> EXERCISE DESCRIPTION: Find "All Saints Church" in the listing below, then set down only that line and each later line, unchanged, leaving out pictures.
== Segment start ==
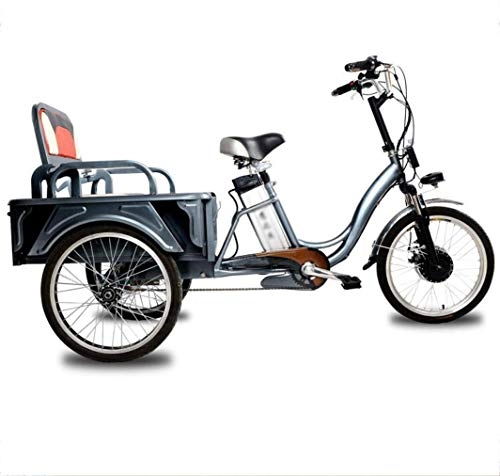 Electric Bike : FREIHE Electric tricycle cart basket 3 wheel bicycle electric pedal elderly transportation removable battery motor lock front and rear disc brakes 24 inch electric pedal LED headlights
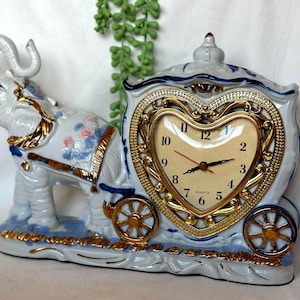 Vintage Porcelain White Blue Elephant Carriage Table Clock | Working Clock | Collectible Elephant Decor | Mantel Table Clock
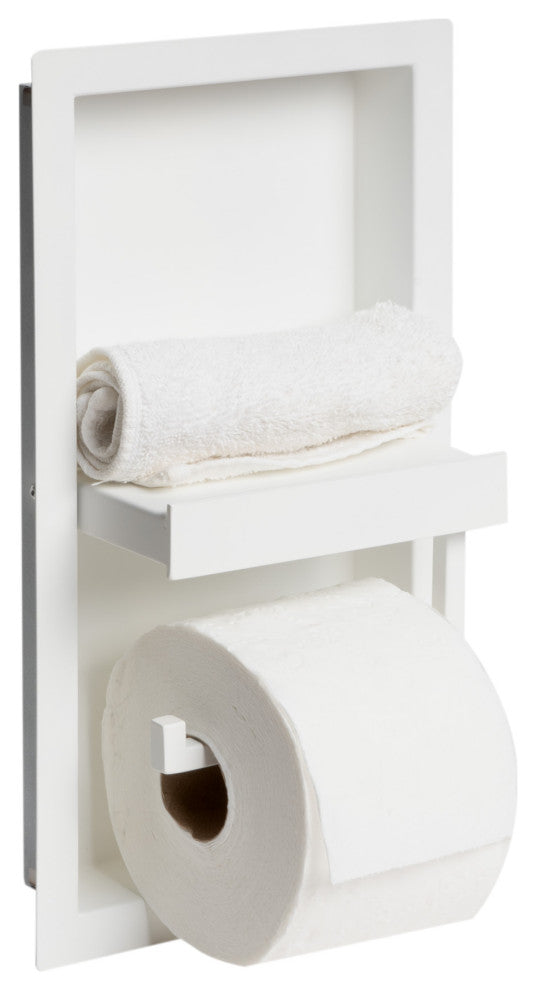 AlFI brand ABTPNC88-W White Matte Stainless Steel Toilet Paper Holder Niche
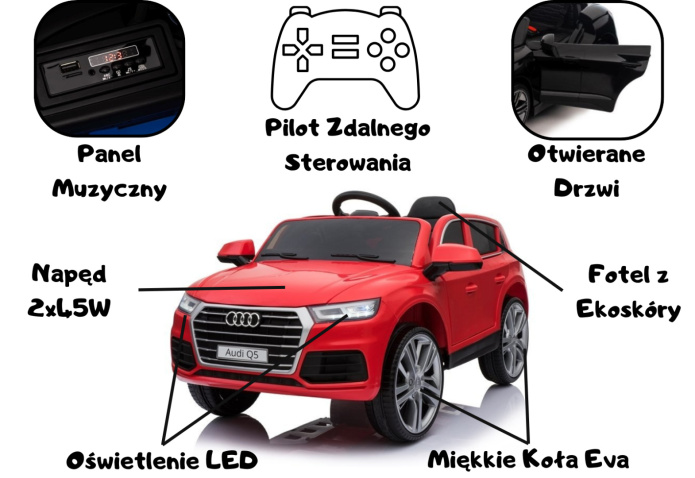 Auto Na Akumulator Audi Q5 Czerwone Parametry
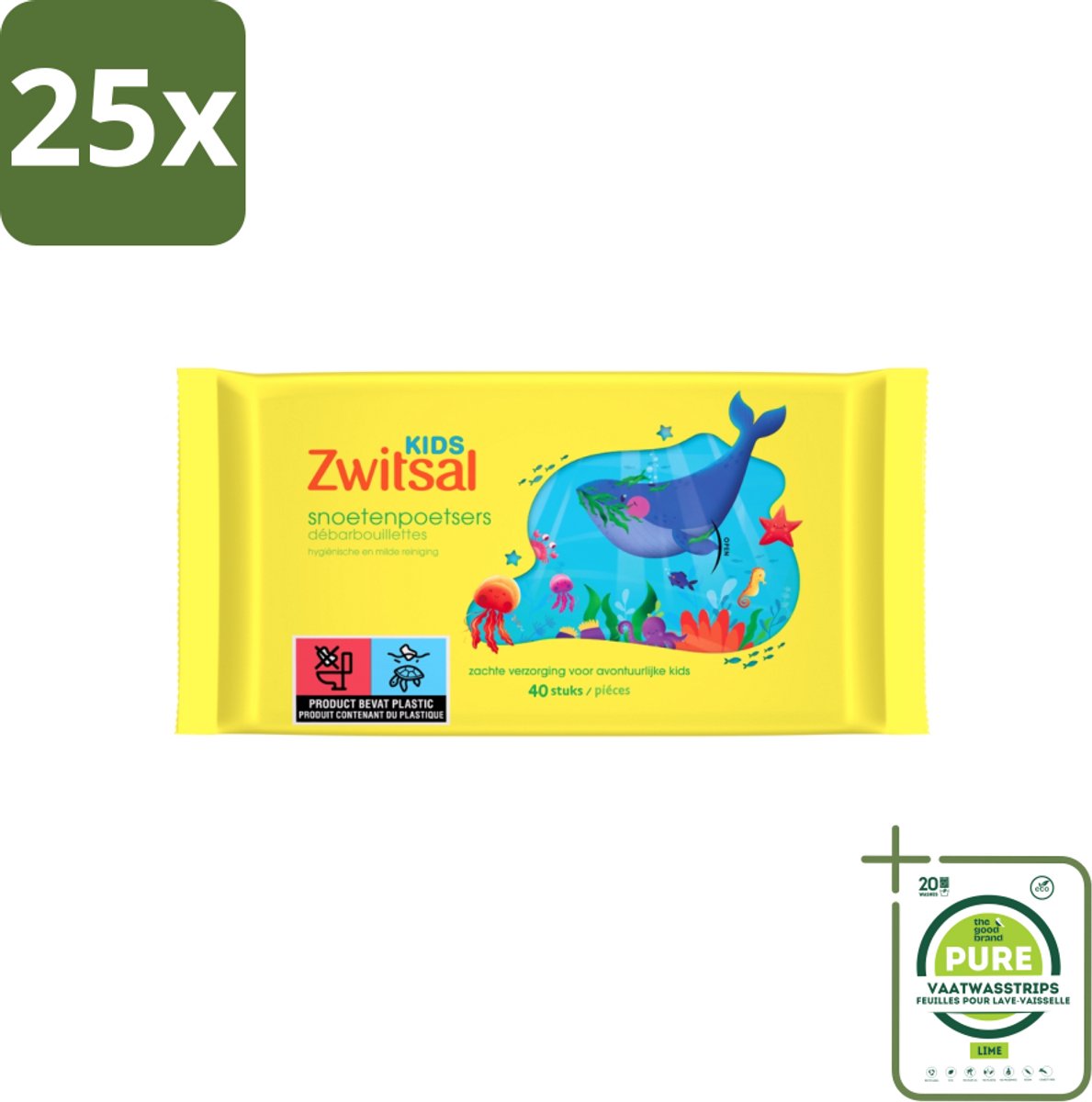 25 x Zwitsal Kids - Snoetenpoetsers - Voor Handjes en Snoetjes - 40 Doekjes - Grootverpakking - Zwitsal Kids - Snoetenpoetsers - Babydoekjes - Babyhuid - Zachte Doekjes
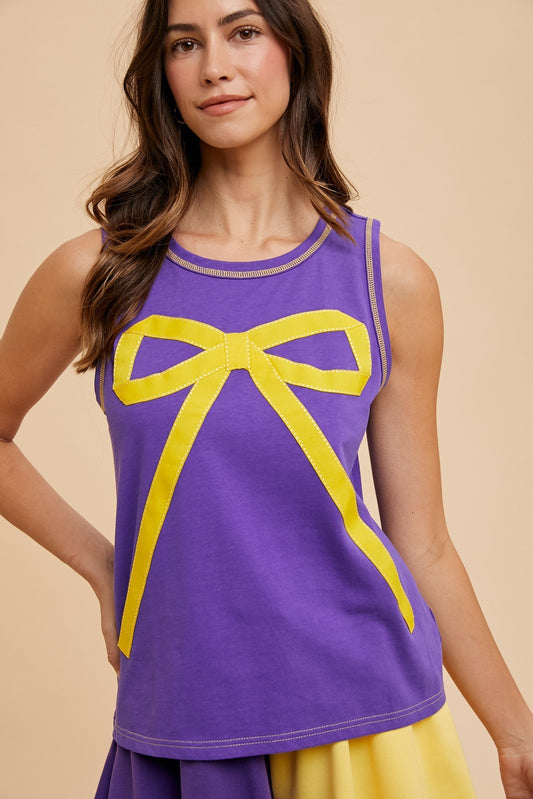 Purple & Gold Bow Knit Tank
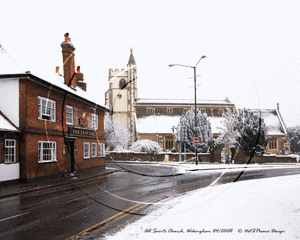 All Saints Church and The Ship Inn, Wokingham in Berkshire on 6th April 2008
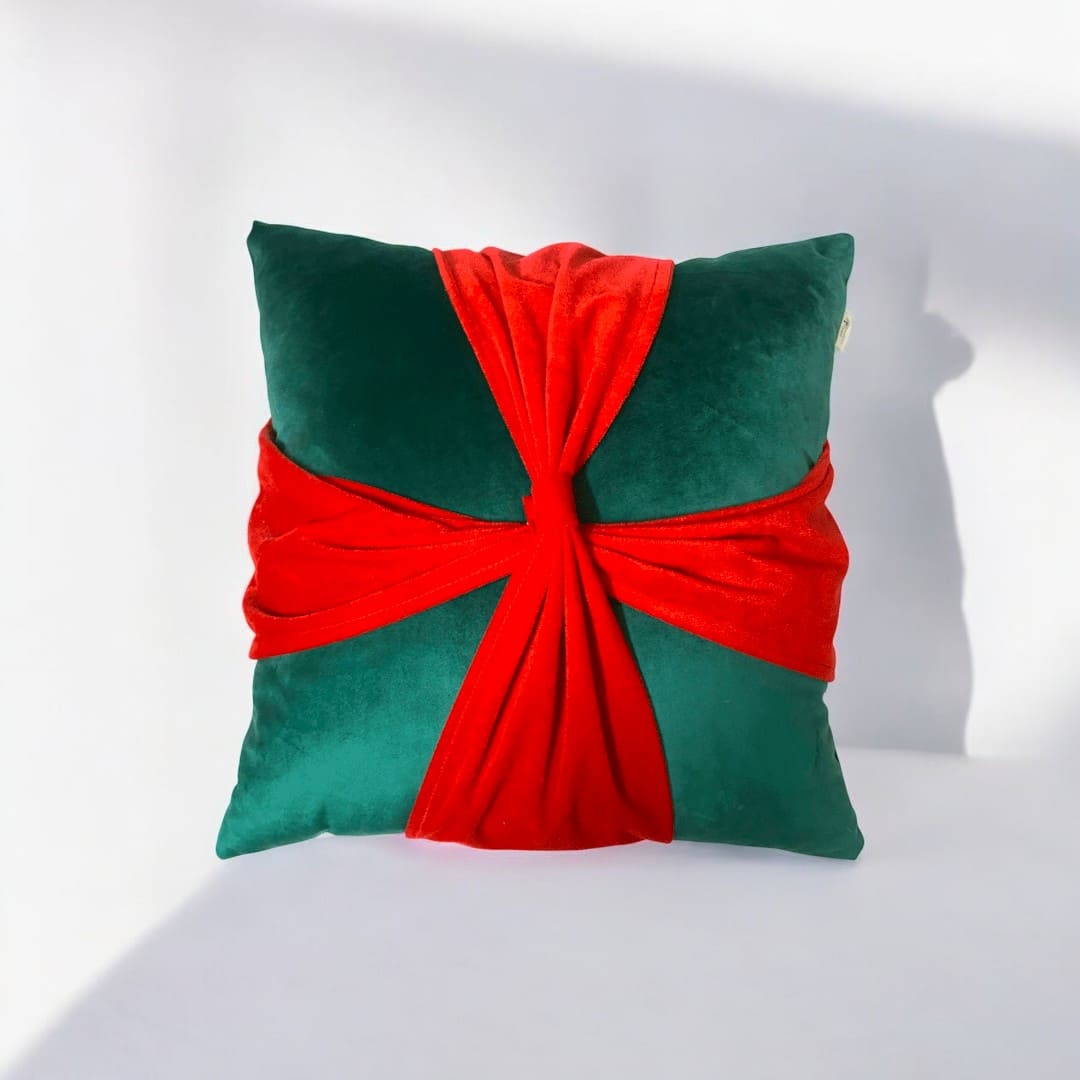 Mistletoe Bow Velvet Christmas Cushion Cover by Lushlyf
== Segment end ==
> EXERCISE RESULT:
 All Saints Church and The Ship Inn, Wokingham in Berkshire on 6th April 2008
 Mistletoe Bow Velvet Christmas Cushion Cover by Lushlyf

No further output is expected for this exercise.